Justin Randolph receives the C. Vann Woodward disseration prize from the Southern Historical Association

October 5, 2020
The Southern Historical Association awarded the C. Vann Woodward Dissertation Prize to Justin Mark Randolph, author of “Civil Rights Arrested: Black Freedom Movements and Mass Incarceration in Rural Mississippi, 1938 to 1980,” written at Yale University (2019) under the direction of Glenda Elizabeth Gilmore and Beverly Gage. In making their decision the committee notes that “Justin Randolph combines agriculture, civil rights, and law enforcement to disclose the political uses of region in northeastern Mississippi as a national story. With remarkable research he eloquently delineates the maintenance of white supremacy through means that ranged from imprisonment to cattle auctions, with a clear focus on the police state.

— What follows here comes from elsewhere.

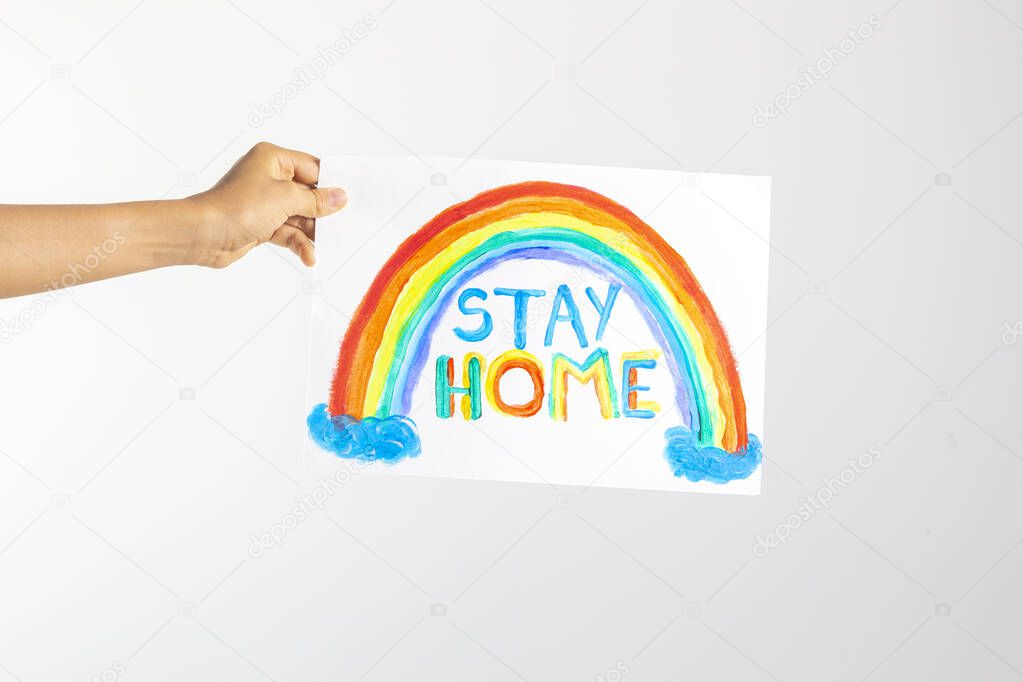Kid hand holding drawing picture with colorful rainbow and words Stay home. Social media campaign for coronavirus prevention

By linking the numerous methods of white oppression with how rural people experienced the freedom struggle, Randolph’s study will change the way historians interpret the 1930s through the 1970s.”
 
Established in 2000, the Woodward Award is given annually to recognize the best dissertation in Southern history defended in the previous calendar year.The prize consists of a $3,000 stipend provided bthe Woodward Fund, a generous bequest left to the SHA by C. Vann Woodward.